What to work on
Your reply should reproduce the data below without a single alteration, apart from dropping the images.

Information shown
________________

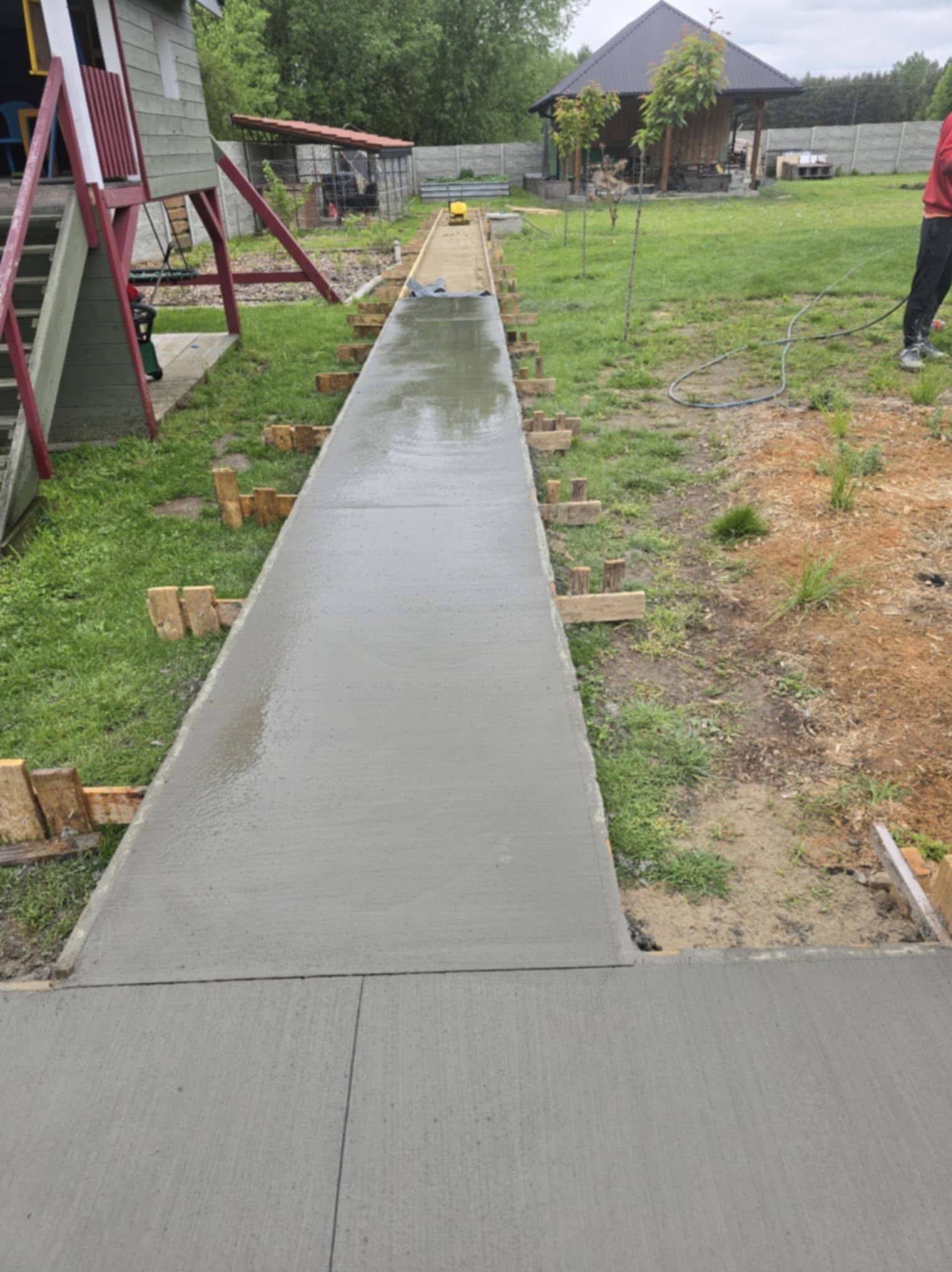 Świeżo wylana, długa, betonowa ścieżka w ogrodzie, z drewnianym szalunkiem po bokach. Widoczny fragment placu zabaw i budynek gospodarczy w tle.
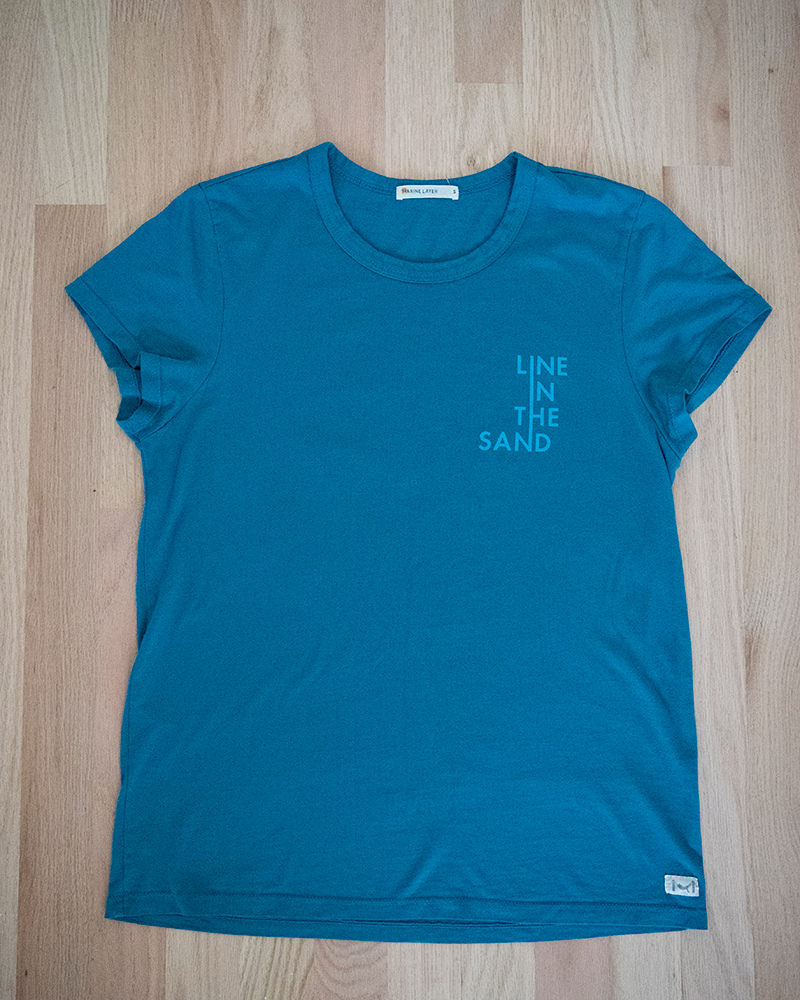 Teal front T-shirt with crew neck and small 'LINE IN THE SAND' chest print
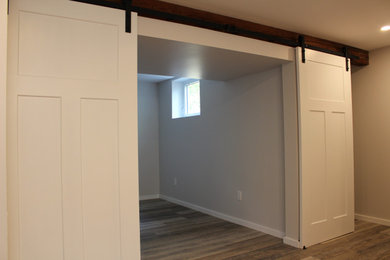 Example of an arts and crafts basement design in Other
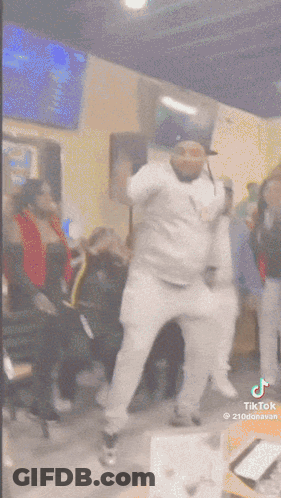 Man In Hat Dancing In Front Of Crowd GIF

________________

Solution to this task
 Świeżo wylana, długa, betonowa ścieżka w ogrodzie, z drewnianym szalunkiem po bokach. Widoczny fragment placu zabaw i budynek gospodarczy w tle.
 Teal front T-shirt with crew neck and small 'LINE IN THE SAND' chest print
 Example of an arts and crafts basement design in Other
 Man In Hat Dancing In Front Of Crowd GIF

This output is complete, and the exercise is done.